70's redux?

Paul Krugman has an op-ed on why this is not your father's inflation:

Here’s an example of the way things used to be: In May 1981, the United Mine Workers signed a contract with coal mine operators locking in wage increases averaging 11 percent a year over the next three years. The union demanded such a large pay hike because it expected the double-digit inflation of the late 1970s to continue; the mine owners thought they could afford to meet the union’s demands because they expected big future increases in coal prices, which had risen 40 percent over the previous three years.

At the time, the mine workers’ settlement wasn’t at all unusual: many workers were getting comparable contracts. Workers and employers were, in effect, engaged in a game of leapfrog: workers would demand big wage increases to keep up with inflation, corporations would pass these higher wages on in prices, rising prices would lead to another round of wage demands, and so on.

Once that sort of self-sustaining inflationary process gets under way, it’s very hard to stop. In fact, it took a very severe recession, the worst slump since the 1930s, to get rid of the inflationary legacy of the 1970s.

But as I said, this time around there’s no wage-price spiral in sight.

The inflation hawks point out that consumers are, for the first time in decades, telling pollsters that they expect a sharp rise in prices over the next year.

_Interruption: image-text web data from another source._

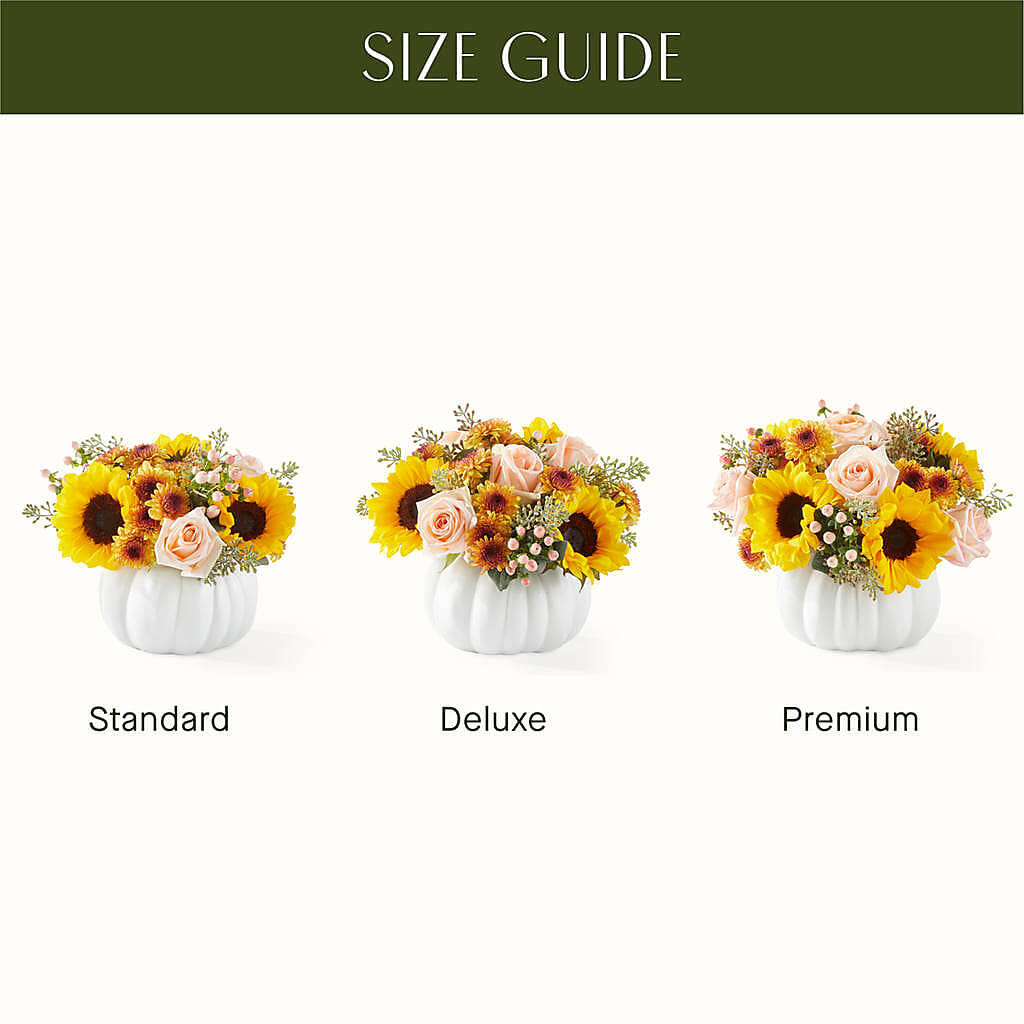 Pumpkin to Talk About Bouquet – Sandelas Flower Shop, Chicago IL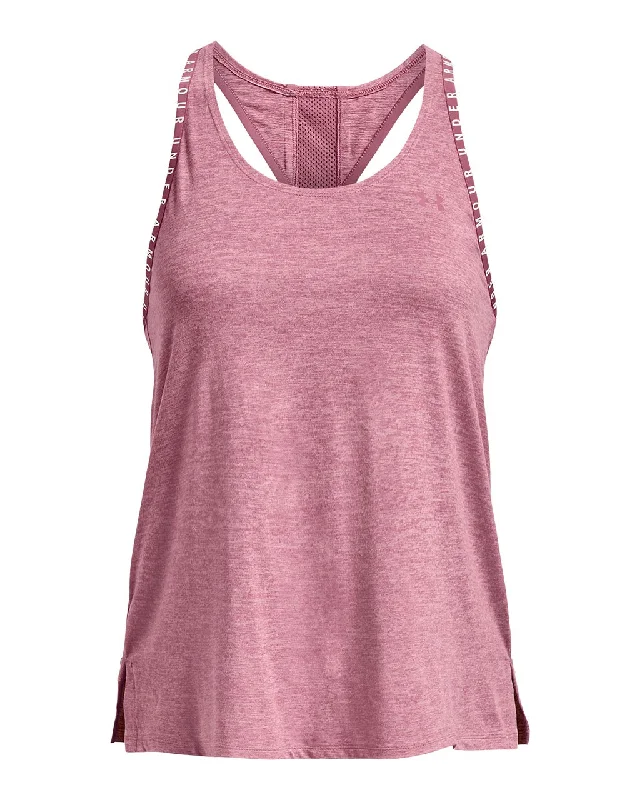 Under Armour Womens Knockout Mesh Back Tank Top casual tank top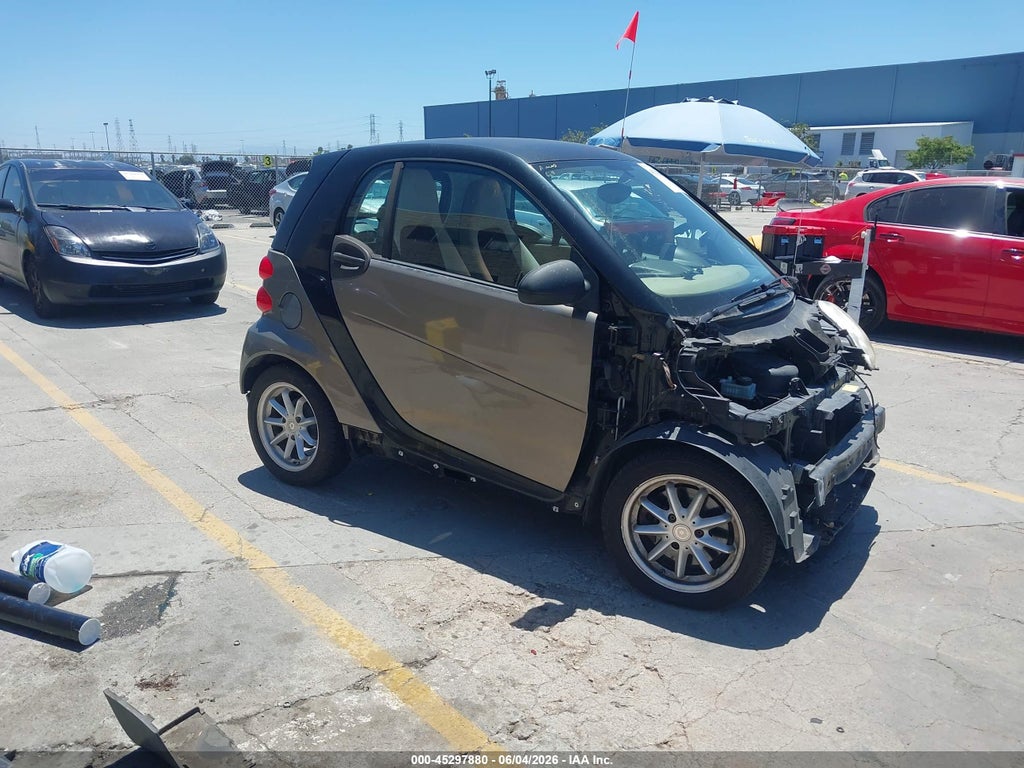 2009 SMART FORTWO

Fair enough.

But where are the unions demanding 11-percent-a-year wage increases? (Where are the unions, period?) Consumers are worried about inflation, but you have to search far and wide to find workers demanding compensation in the form of higher wages, let alone employers willing to accept those demands. In fact, wage growth actually seems to be slowing, thanks to the weakness of the job market.

There's a conundrum here: people really value job security and predictible wage increase. But job security makes the economy much more rigid. When labor prices are calculated over three year periods, it takes a really nasty adjustment to wrench the economy around in the event of a shock. That's what Paul Volcker provided in the form of interest rates that briefly topped 20%, and the deepest recession since the Great Depression. Those kinds of long term coontracts ease the initial shock, but make the adjustment more jarring in the long run.

This is probably a good metaphor for life, actually. The longer you remain in denial, the harder it becomes to face reality.